I don't use pyenv but the principle is the same: you have a locally installable package (using setup.py), and Pipenv does support those with its install command, and it calls them editable dependencies.

You can tell Pipenv to install a path as editable — often this is useful for the current working directory when working on packages:

$ pipenv install --dev -e .  
  
$ cat Pipfile  
...  
[dev-packages]  
"e1839a8" = {path = ".", editable = true}
...  

Let's take your foobar from a libraries folder:

libraries$ tree
.
├── foobar
│   └── __init__.py
└── setup.py

To install that to some other virtual environment with pipenv:

myapp$ pipenv install -e /path/to/libraries
...
Installing -e /path/to/libraries...
Adding foobar to Pipfile's [packages]...
✔ Installation Succeeded 
myapp$ cat Pipfile
[[source]]
url = "https://pypi.org/simple"
verify_ssl = true
name = "pypi"

[packages]
foobar = {editable = true, path = "/path/to/libraries"}

[dev-packages]

[requires]
python_version = "3.9"
myapp$ pipenv shell
(myapp) myapp$ python
>>> import foobar
>>> foobar.add(1,2)
3

Notice that you don't need the step of installing your package with python setup.py install or pip install .. The nice thing here is if you now edit foobar codes, it gets reflected in that other environment without needing for repeated pipenv install.

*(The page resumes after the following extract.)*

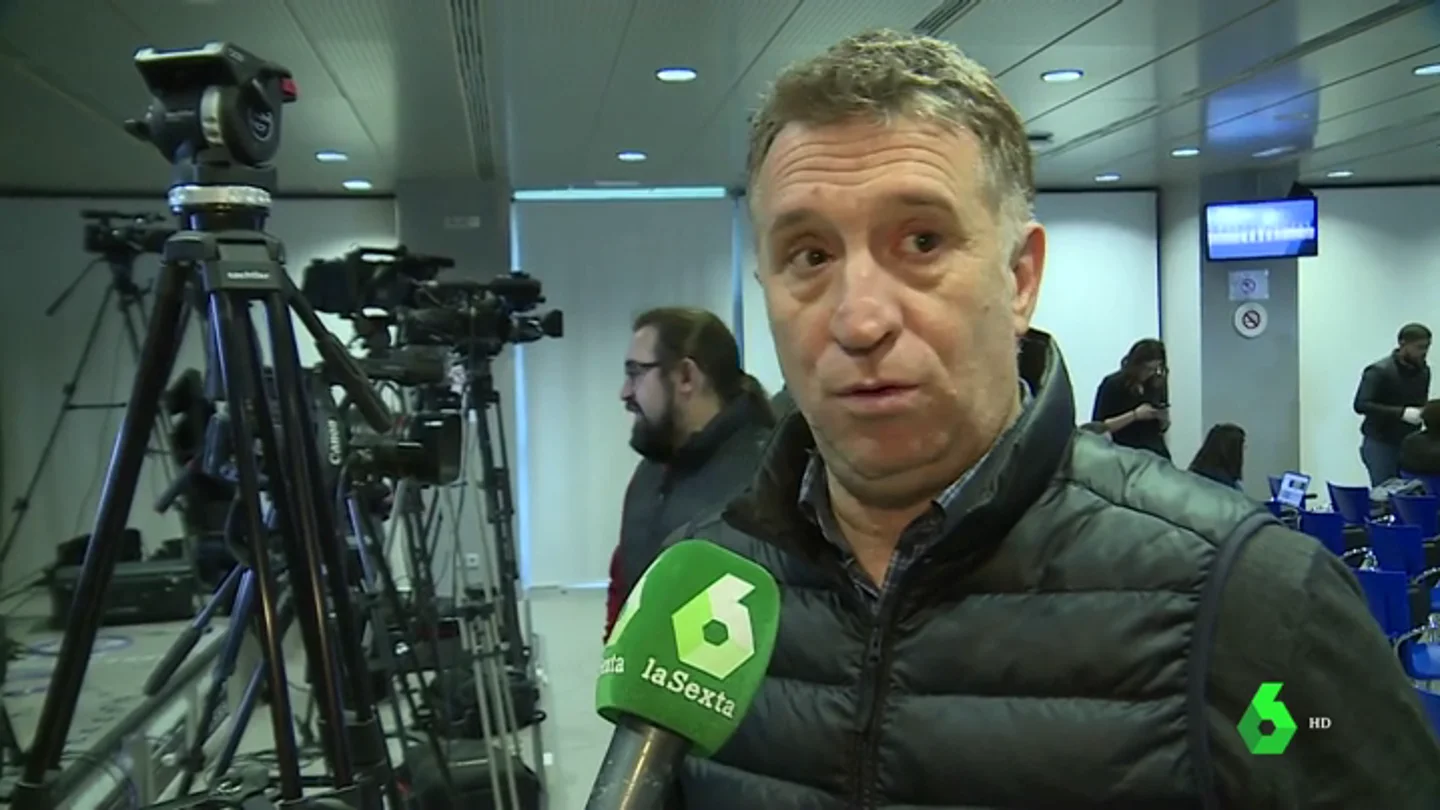 División en la prensa sobre el Clásico: en Barcelona se apuesta por el Barça y en la capital por el Real Madrid División en la prensa sobre el Clásico: en Barcelona se apuesta por el Barça y en la capital por el Real Madrid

Installing it to lib/python3.8/site-packages (or wherever pyenv installs packages) by running

python setup.py install

will not work, because that's not the correct flow. You prepare your foobar for distribution, and then install it from a distribution, not from site-packages, which is already the installed version (does not have setup.py). You could probably work it around by copying the entire foobar package to your pyenv's site-packages folder (including setup.py), then tell pipenv to install it from there.... but that's just not the correct flow.

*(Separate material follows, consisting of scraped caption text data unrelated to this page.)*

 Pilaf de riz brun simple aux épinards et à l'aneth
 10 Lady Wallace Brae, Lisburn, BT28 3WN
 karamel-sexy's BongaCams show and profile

An alternative to pipenv install -e, if you want to test your actual source distribution, is to actually build your source distribution of foobar, then pipenv install from that.

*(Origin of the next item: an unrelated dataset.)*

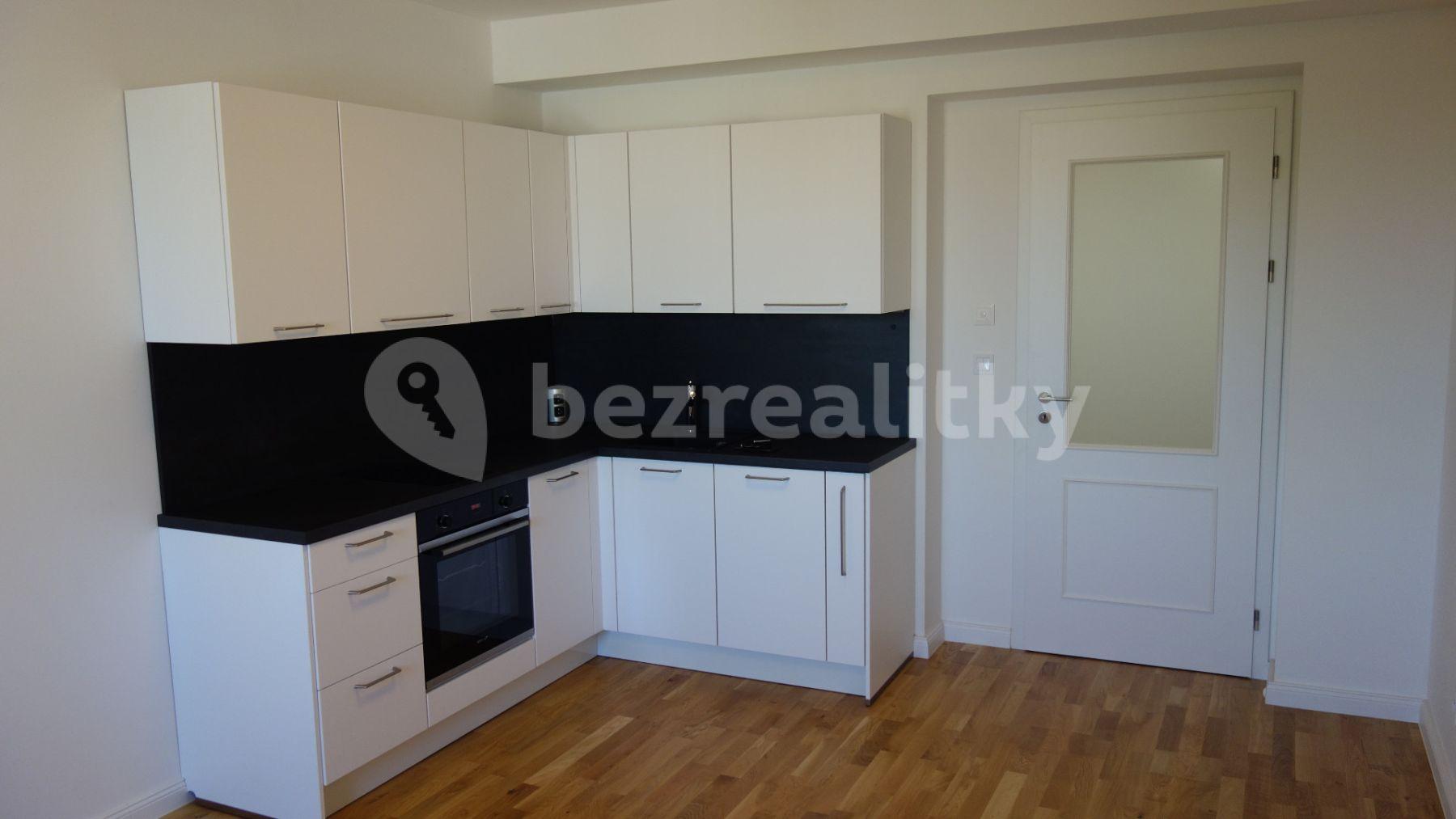 Prenájom bytu 1-izbový 32 m², Ječná, Praha, Praha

libraries$ python3.8 setup.py sdist
...
Creating tar archive
...

libraries$ tree
.
...
├── dist
│   ├── foobar-0.1.0-py3.8.egg
│   └── foobar-0.1.0.tar.gz
├── foobar
│   └── __init__.py
├── ...
└── setup.py
(myapp) myapp$ pipenv install /path/to/libraries/dist/foobar-0.1.0.tar.gz
Installing /path/to/libraries/dist/foobar-0.1.0.tar.gz...
(myapp) myapp$ cat Pipfile
[[source]]
url = "https://pypi.org/simple"
verify_ssl = true
name = "pypi"

[packages]
foobar = {path = "/path/to/libraries/dist/foobar-0.1.0.tar.gz"}

[dev-packages]

[requires]
python_version = "3.9"

But installing from sdist loses the convenience of quickly seeing the updates to foobar when you use it on your other apps. I don't know what your workflow is, but I prefer having a common directory (libraries) instead where I store all locally-editable packages, then pipenv install-ing from there.